THE PROBLEM — In the entries that follow, find the line containing "Casa 3 suítes" and the line containing "El Cardenal Carlos", then copy exactly everything from the first through the second except the pictures.

LISTED RECORDS —
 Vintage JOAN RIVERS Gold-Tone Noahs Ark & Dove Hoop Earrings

* * *

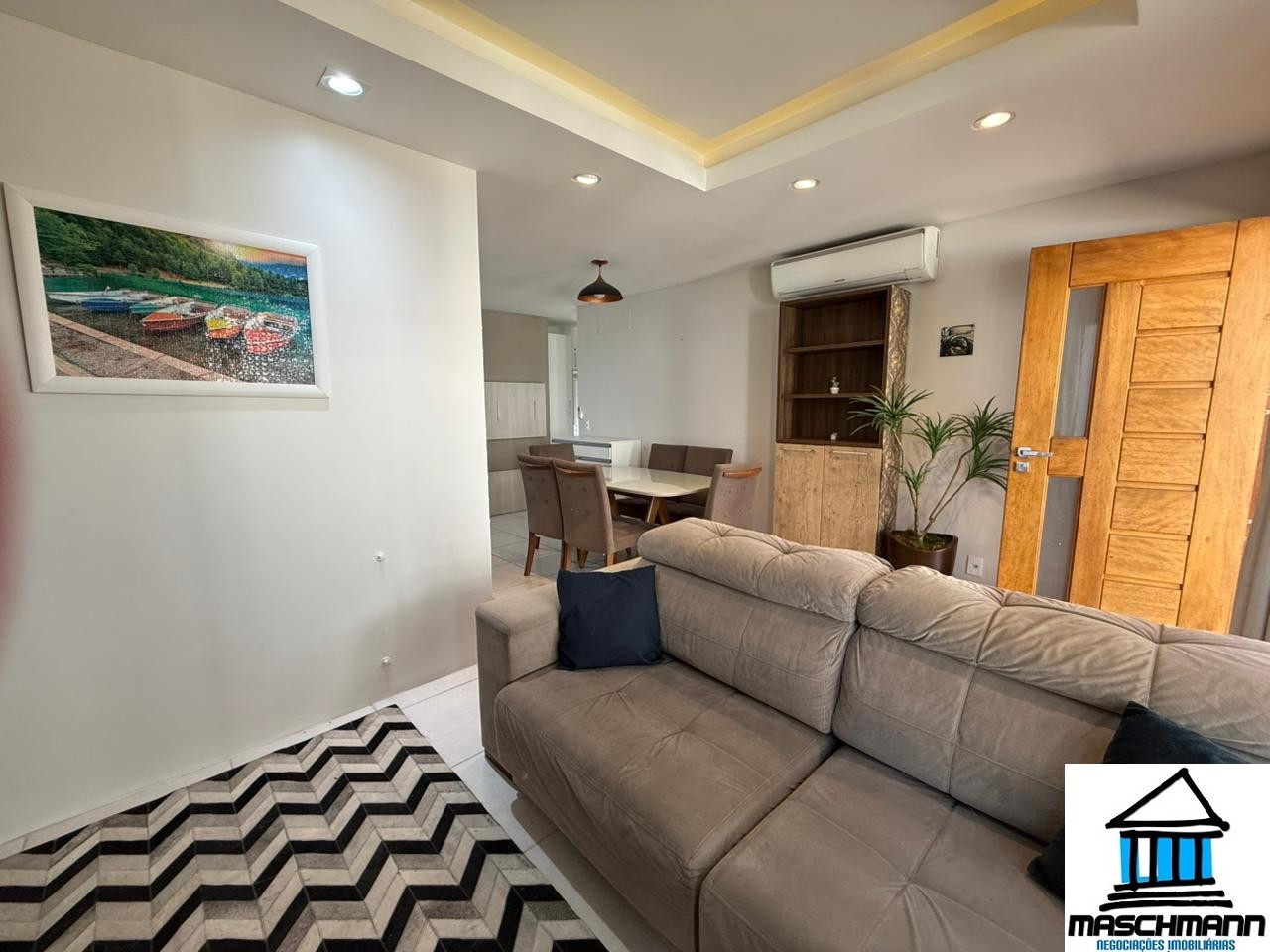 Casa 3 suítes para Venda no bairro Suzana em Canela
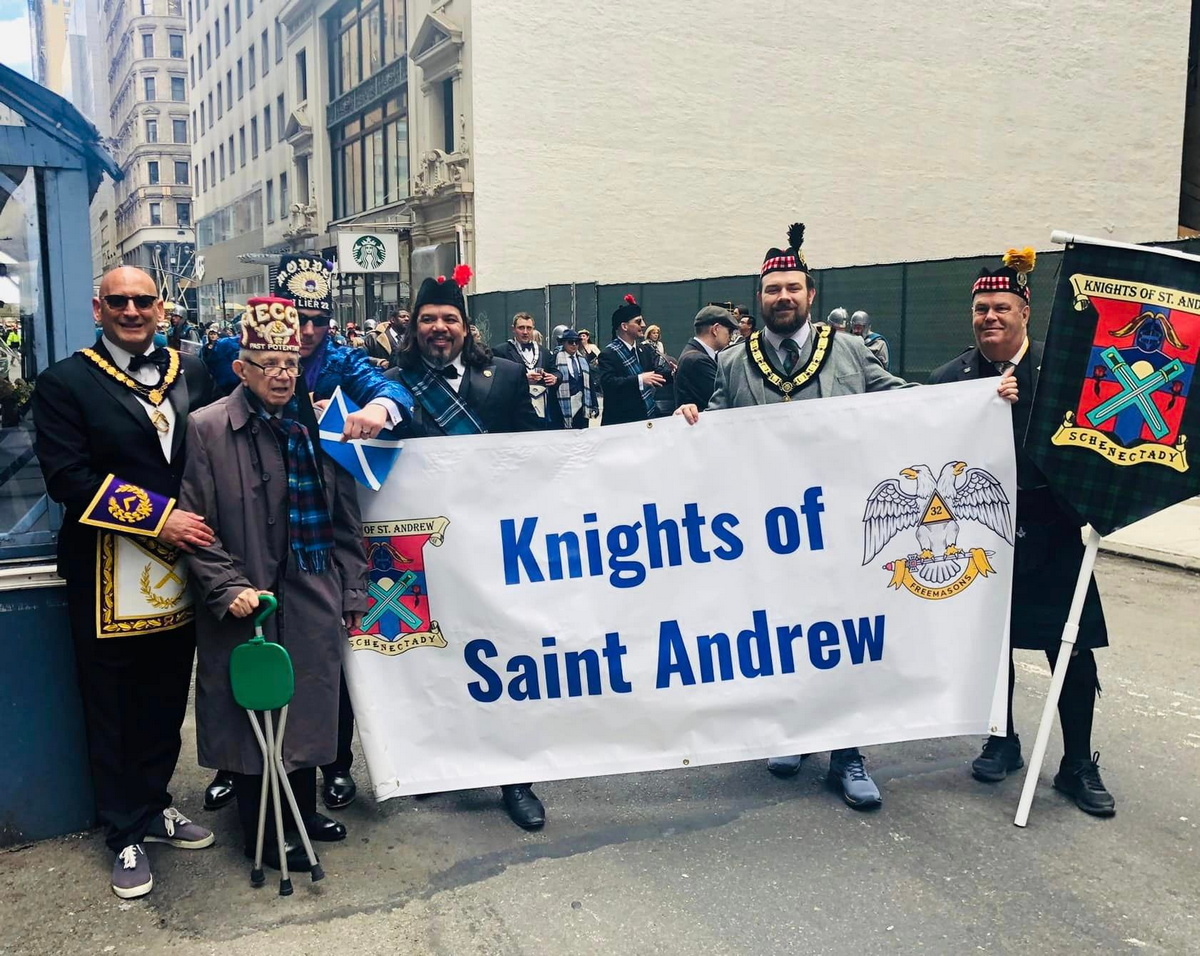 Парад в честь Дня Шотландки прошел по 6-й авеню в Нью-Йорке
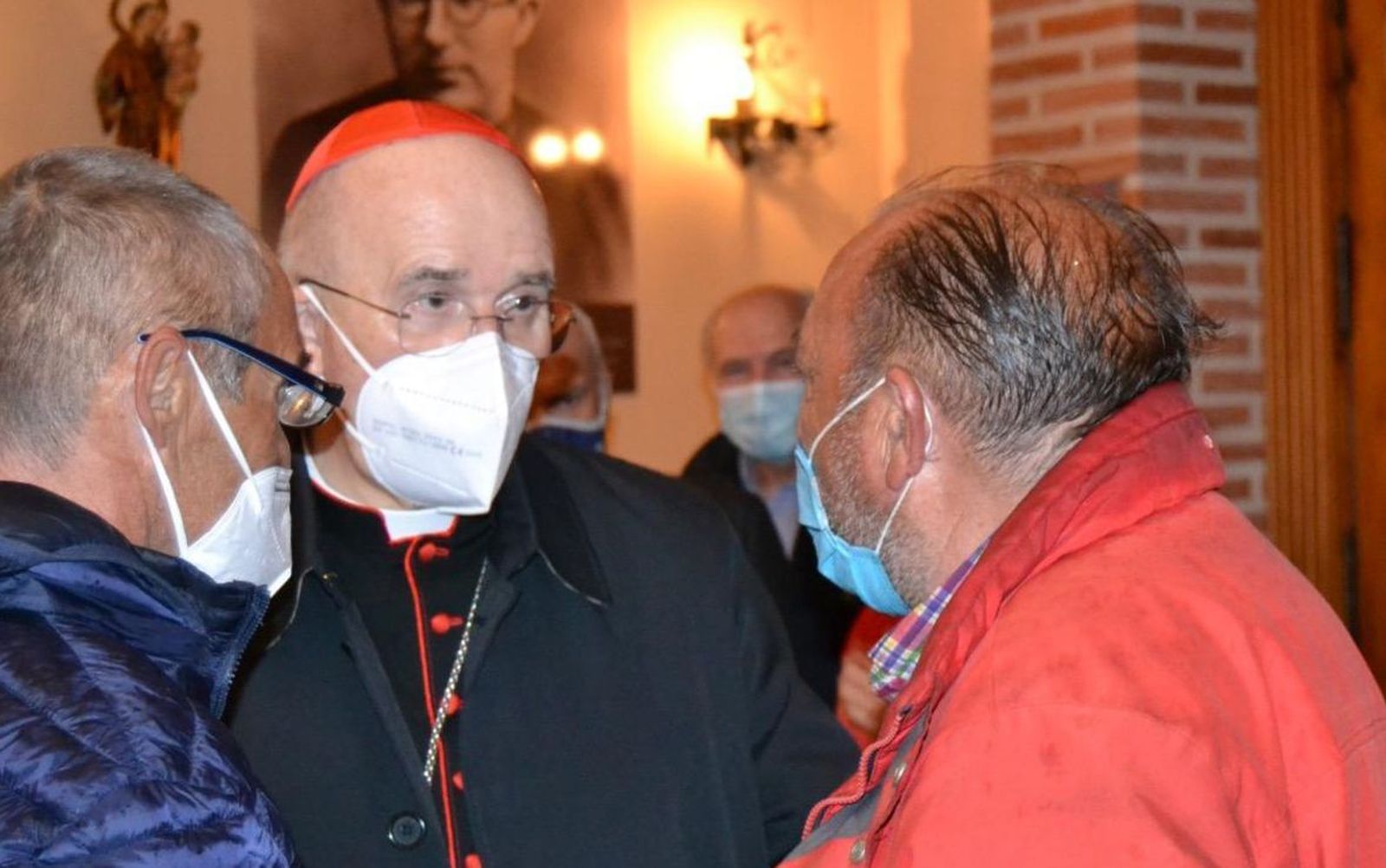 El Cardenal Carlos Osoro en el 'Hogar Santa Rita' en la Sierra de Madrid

SOLVED PROBLEM —
 Casa 3 suítes para Venda no bairro Suzana em Canela
 Парад в честь Дня Шотландки прошел по 6-й авеню в Нью-Йорке
 El Cardenal Carlos Osoro en el 'Hogar Santa Rita' en la Sierra de Madrid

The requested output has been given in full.